Exercise goal: The listing below should be written out word for word, with its pictures removed.

Information provided:
■ ■ ■

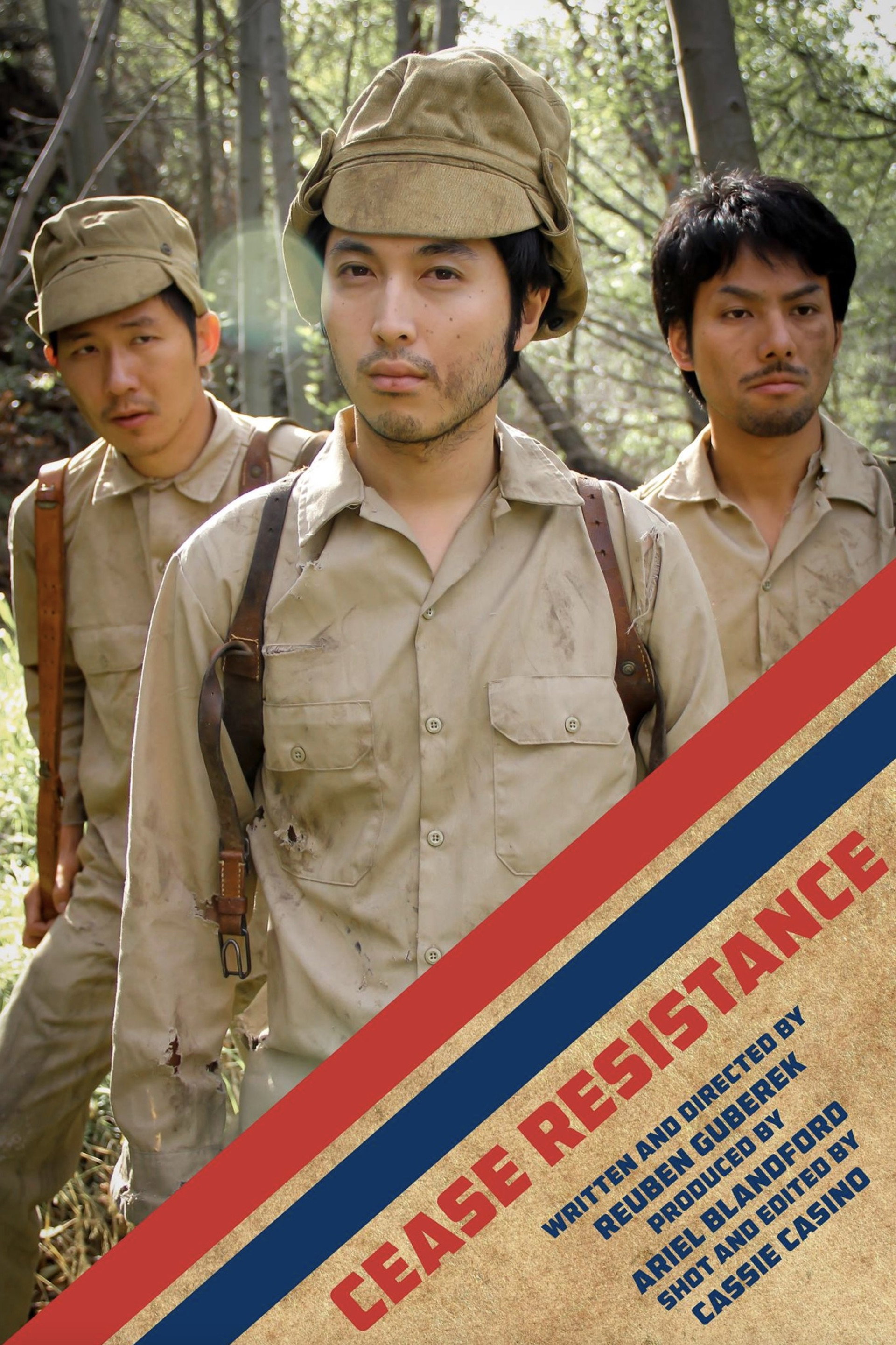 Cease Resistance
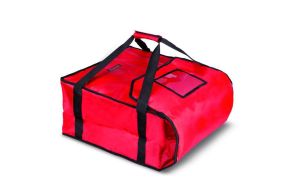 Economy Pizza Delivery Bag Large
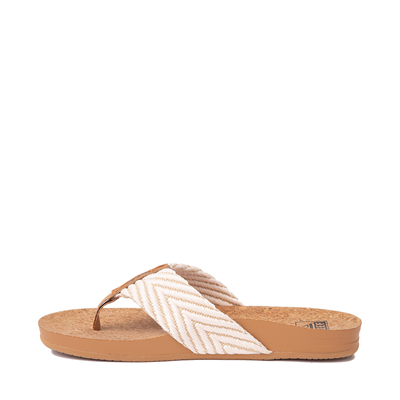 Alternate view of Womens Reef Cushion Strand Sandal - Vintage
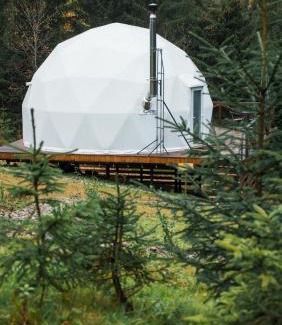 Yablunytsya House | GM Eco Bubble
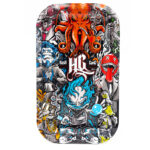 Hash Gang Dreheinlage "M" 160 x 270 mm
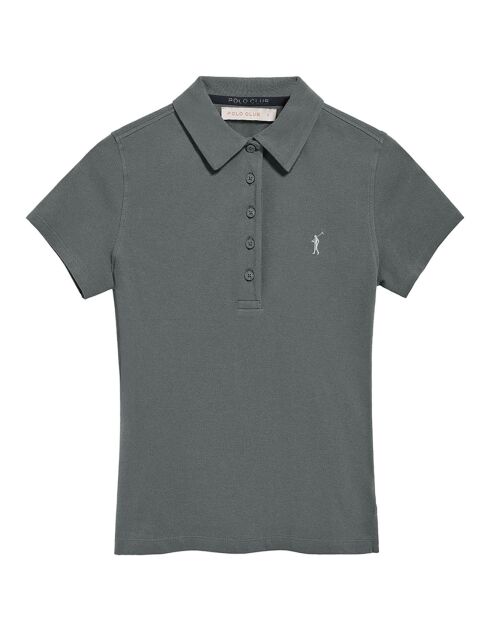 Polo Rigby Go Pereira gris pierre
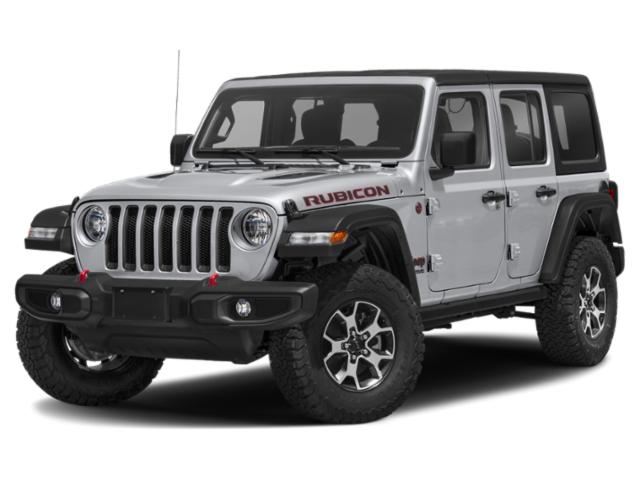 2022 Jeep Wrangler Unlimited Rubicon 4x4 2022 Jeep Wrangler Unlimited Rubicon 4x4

■ ■ ■

Exercise result:
 Cease Resistance
 Economy Pizza Delivery Bag Large
 Alternate view of Womens Reef Cushion Strand Sandal - Vintage
 Yablunytsya House | GM Eco Bubble
 Hash Gang Dreheinlage "M" 160 x 270 mm
 Polo Rigby Go Pereira gris pierre
 2022 Jeep Wrangler Unlimited Rubicon 4x4 2022 Jeep Wrangler Unlimited Rubicon 4x4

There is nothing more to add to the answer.